Exercise aim: In the entries that follow, the first line to write out is the one containing "Splat Splat Featured Screenshot #1", and the last is the one containing "Демонтаж лестницы Курчатов, цена". Reproduce that stretch exactly, with nothing before or after it.
------ Data excerpts
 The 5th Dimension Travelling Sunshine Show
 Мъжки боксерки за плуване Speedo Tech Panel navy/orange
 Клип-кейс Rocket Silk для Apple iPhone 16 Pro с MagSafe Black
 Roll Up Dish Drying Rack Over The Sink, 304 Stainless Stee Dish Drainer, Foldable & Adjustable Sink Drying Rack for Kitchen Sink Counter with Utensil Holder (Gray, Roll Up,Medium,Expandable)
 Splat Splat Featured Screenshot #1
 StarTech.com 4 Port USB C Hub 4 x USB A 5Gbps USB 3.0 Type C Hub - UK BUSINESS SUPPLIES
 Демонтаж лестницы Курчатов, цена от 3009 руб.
------------
------ Data excerpts
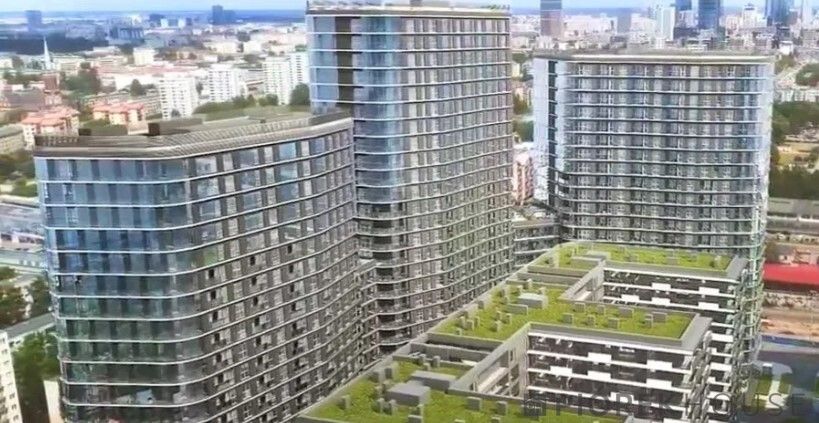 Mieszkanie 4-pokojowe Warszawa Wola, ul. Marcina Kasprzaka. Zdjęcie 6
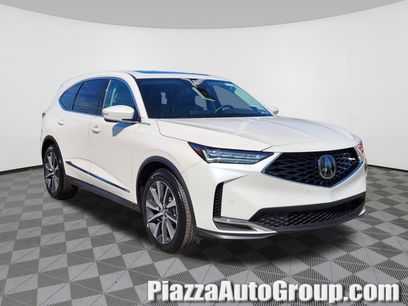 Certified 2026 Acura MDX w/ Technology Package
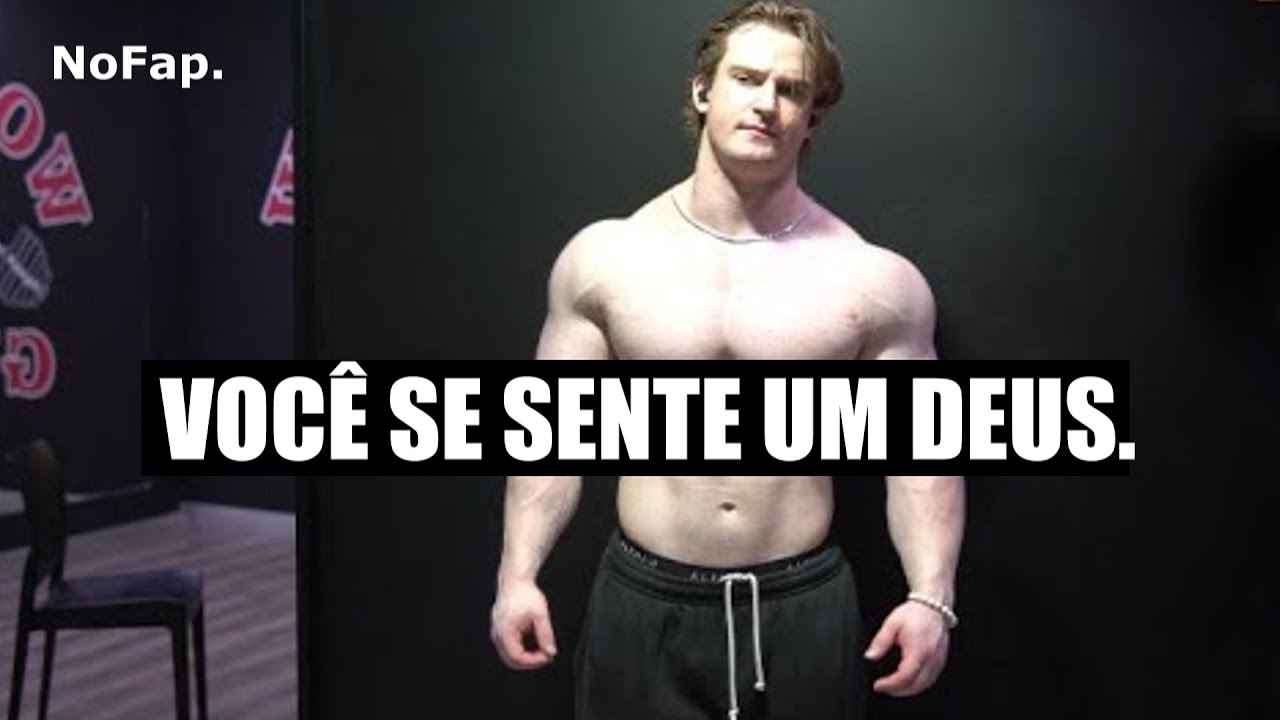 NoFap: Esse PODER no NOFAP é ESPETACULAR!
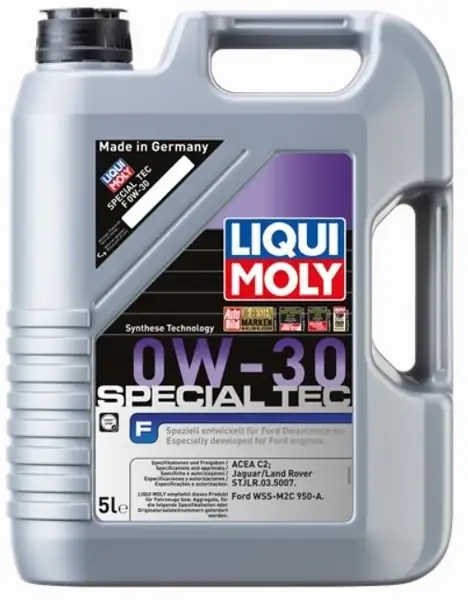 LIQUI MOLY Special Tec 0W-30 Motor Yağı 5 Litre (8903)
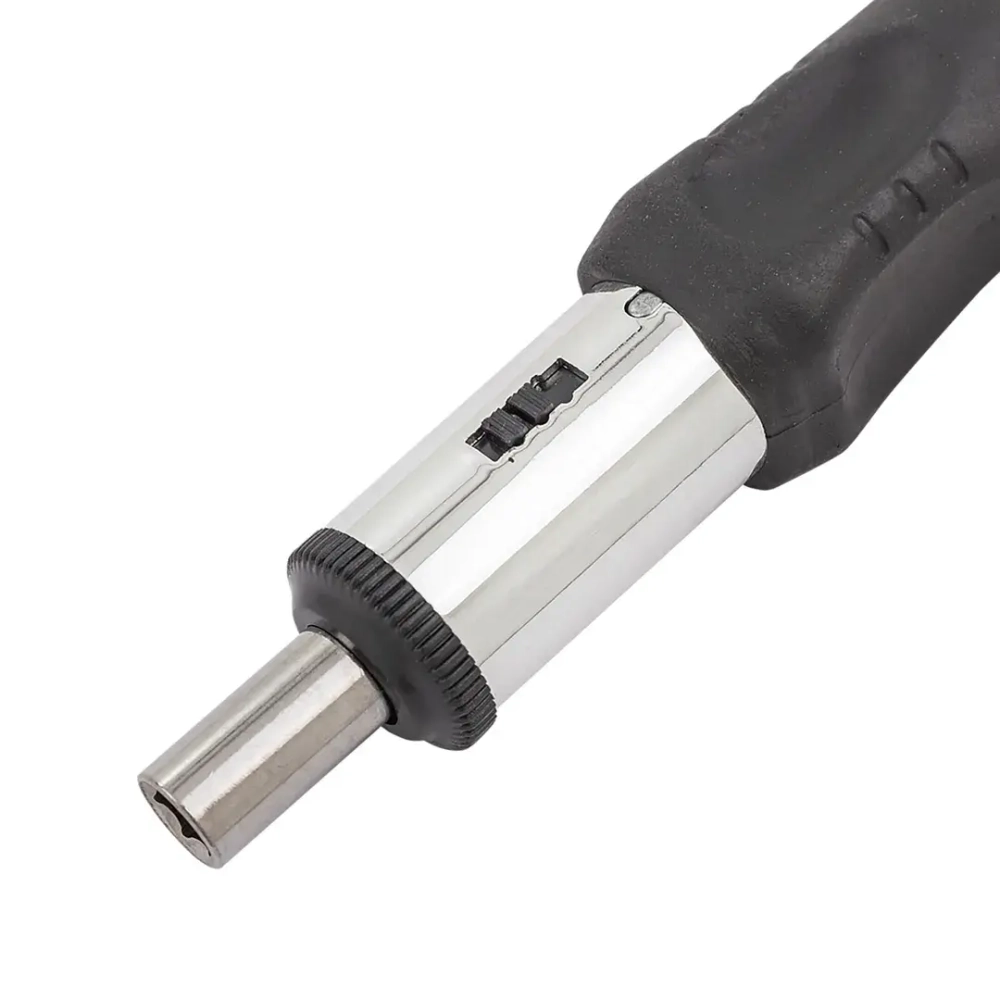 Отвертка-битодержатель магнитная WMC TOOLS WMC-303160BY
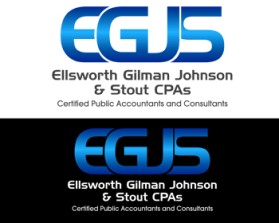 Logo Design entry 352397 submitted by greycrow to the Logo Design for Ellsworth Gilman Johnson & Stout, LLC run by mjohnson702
------------
Solution for this task:
 Splat Splat Featured Screenshot #1
 StarTech.com 4 Port USB C Hub 4 x USB A 5Gbps USB 3.0 Type C Hub - UK BUSINESS SUPPLIES
 Демонтаж лестницы Курчатов, цена от 3009 руб.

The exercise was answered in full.